Activity:
Please reproduce the listing word for word. Pictures stay out.

Collected material:
##########

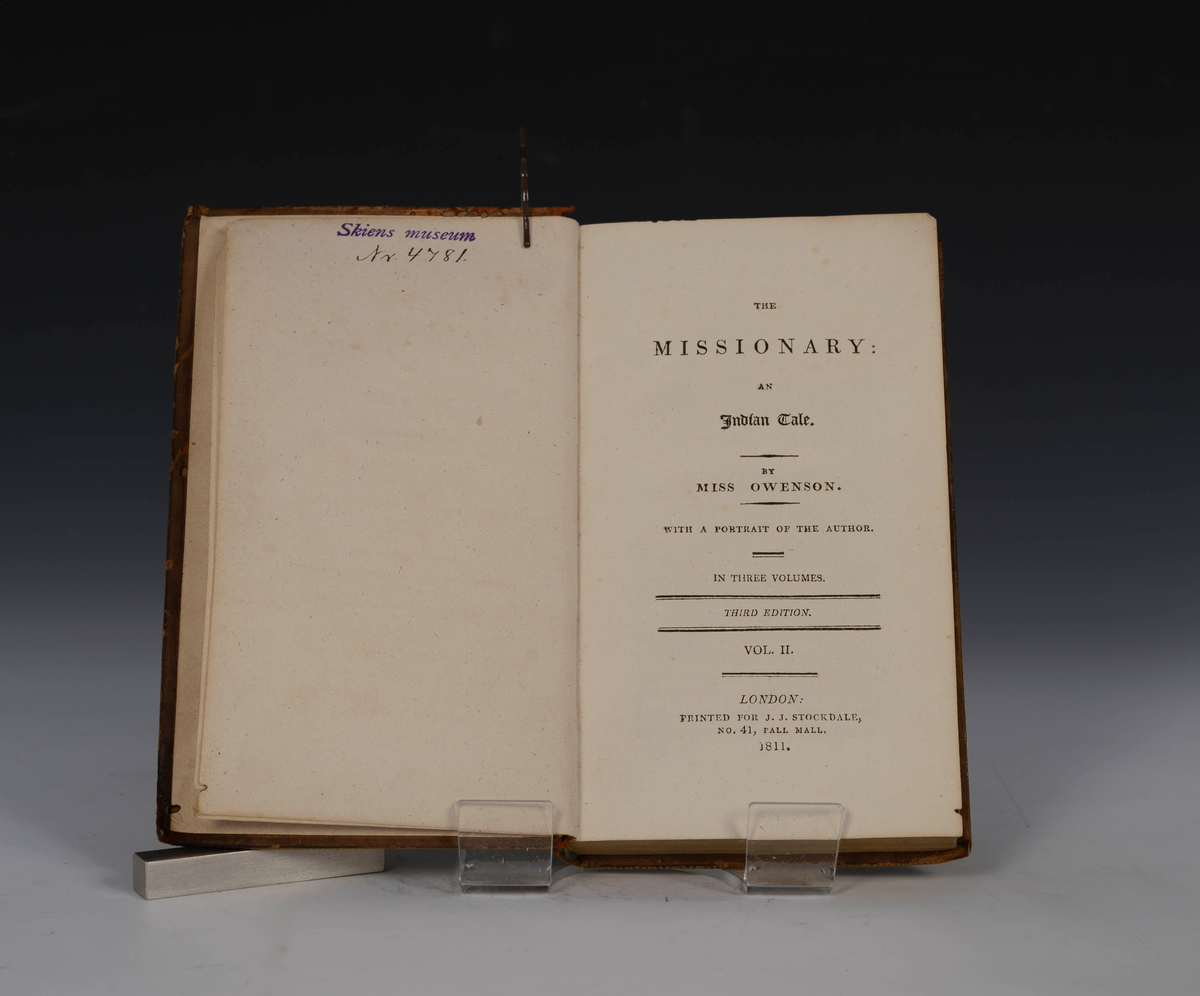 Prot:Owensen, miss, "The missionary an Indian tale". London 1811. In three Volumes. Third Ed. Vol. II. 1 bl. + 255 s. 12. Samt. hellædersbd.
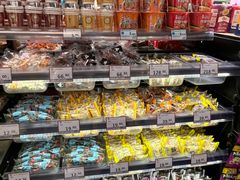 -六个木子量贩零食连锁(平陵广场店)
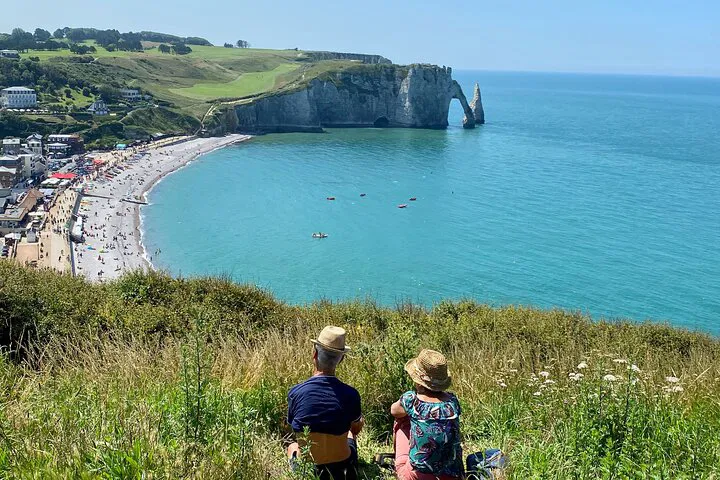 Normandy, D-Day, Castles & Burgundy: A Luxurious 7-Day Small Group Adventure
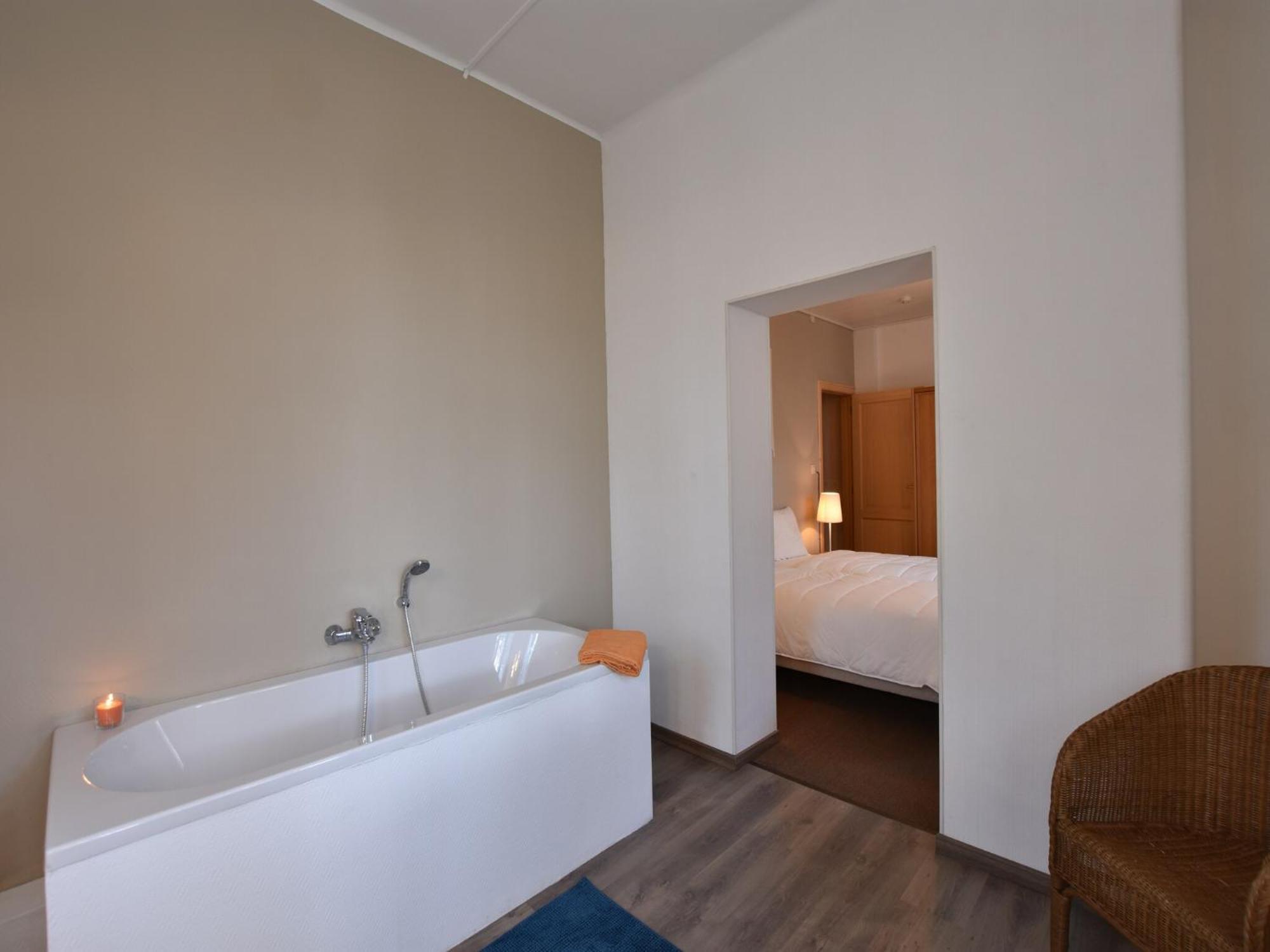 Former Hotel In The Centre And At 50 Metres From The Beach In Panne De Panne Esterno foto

##########

Exercise response:
 Prot:Owensen, miss, "The missionary an Indian tale". London 1811. In three Volumes. Third Ed. Vol. II. 1 bl. + 255 s. 12. Samt. hellædersbd.
 -六个木子量贩零食连锁(平陵广场店)
 Normandy, D-Day, Castles & Burgundy: A Luxurious 7-Day Small Group Adventure
 Former Hotel In The Centre And At 50 Metres From The Beach In Panne De Panne Esterno foto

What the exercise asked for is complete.